Mr Shittu finished his term as a federal minister in 2019, but his gubernatorial ambition was truncated by his party, the All Progressives Congress because he does not have the NYSC certificate.

4) Bashir Magashi: Before he scaled through the Senate and SSS screening to become the Minister of Defence, Bashir Magashi, a retired army general, stole at least $550,000while in active service.

Mr Magashi, 75, was a former military governor of Sokoto State (1990-1992) and later appointed the commander of the Brigade of Guards in September 1993, two months before Sani Abacha came into power in a bloodless coup.

In 1998, he was appointed the commandant of the Nigerian Defence Academy.

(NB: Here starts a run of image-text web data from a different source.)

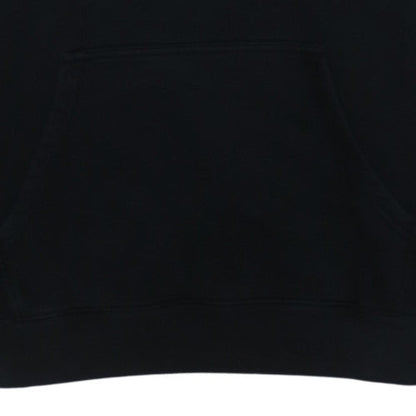 Champion Men's Black XL Pullover Hoodie Fleece Sweatshirt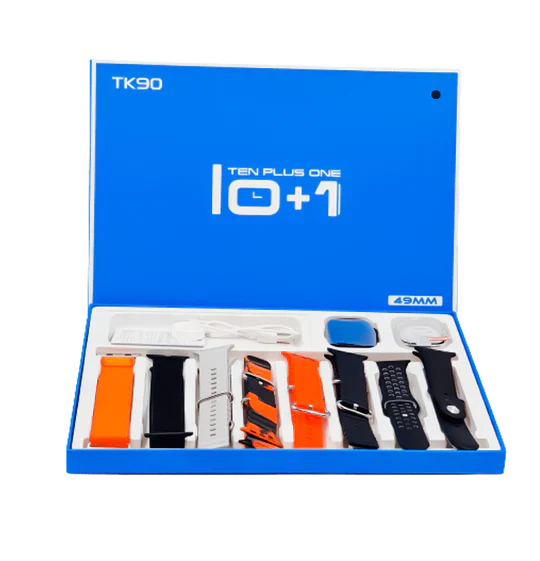 TK90 ULTRA 10 IN 1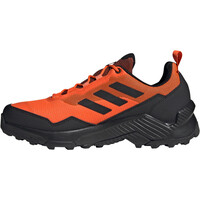 adidas zapatilla trekking hombre Eastrail 2.0 RAIN.RDY Hiking puntera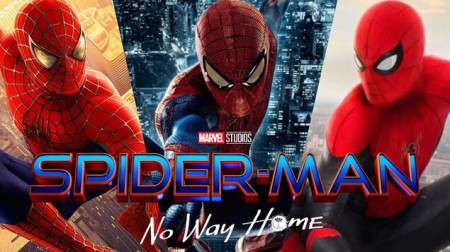 Spider-Man: Bez domova (Spider-Man: No Way Home) 12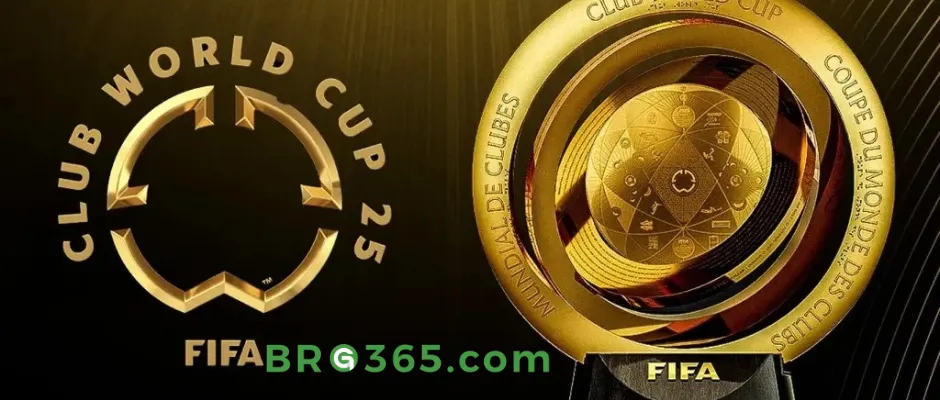 Mundial de Clubes 2025(BRG365)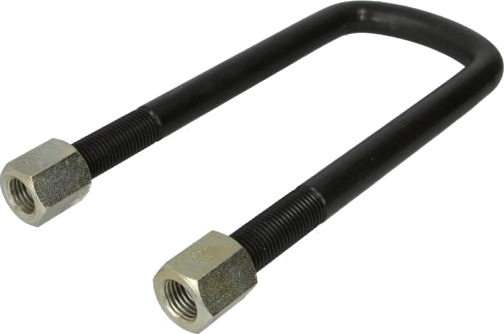 S-TR STR-50513 Fjærbøyle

Mr Magashi was among the top military officers affected when Olusegun Obasanjo’s administration implemented a daring policy that compulsorily retired all officers who had served in government for six months or more.

Mr Magashi’s pilfering with public funds was discovered by a Swiss lawyer, Enrico Monfrini, tapped by the Obasanjo government to help track and repatriate funds stolen and stashed abroad by Mr Abacha and his associates.

Mr Magashi was found to have stashed in an account, at the Jessey, U.K., branch of Bank PNP Paribus, the sum of $550,000.

The retired military officer, however, admitted wrongdoing and after pleading for a concession, Mr Obasanjo left $150,000 for him, according to a memo by the then National Security Adviser, Abdullahi Mukhtar.

5) Usani Usani: Usani Usani served as the Commissioner for Agriculture, Water Resources and Rural Development in Cross River State between February 1997 and May 1999, during the military administration of Umar Ahmed, a colonel.

It was during this period that he allegedly defrauded the government by refusing to apply government-approved scales when he paid out some money as fees to Gersh Henshaw & Company, a firm that handled the contract for the valuation of vehicles, workshops and equipment belonging to the Cross River Water Board.

An investigative committee set up by Governor Donald Duke in 1999 found that the state lost N16.3 million due to Mr Usani’s action. His indictment was made official by a government gazette and Governor Duke directed that the money be recovered and he be prosecuted.

Mr Usani never challenged his indictment in court.

After filing complaints against Mr Usani at the Code of Conduct Bureau, the state government, curiously, asked for the discontinuation of the case. No reason was given. Mr Usani, 59, a pastor, was the chairman of the APC in Cross River State when President Buhari appointed him the Minister of Niger Delta Affairs in November 2015.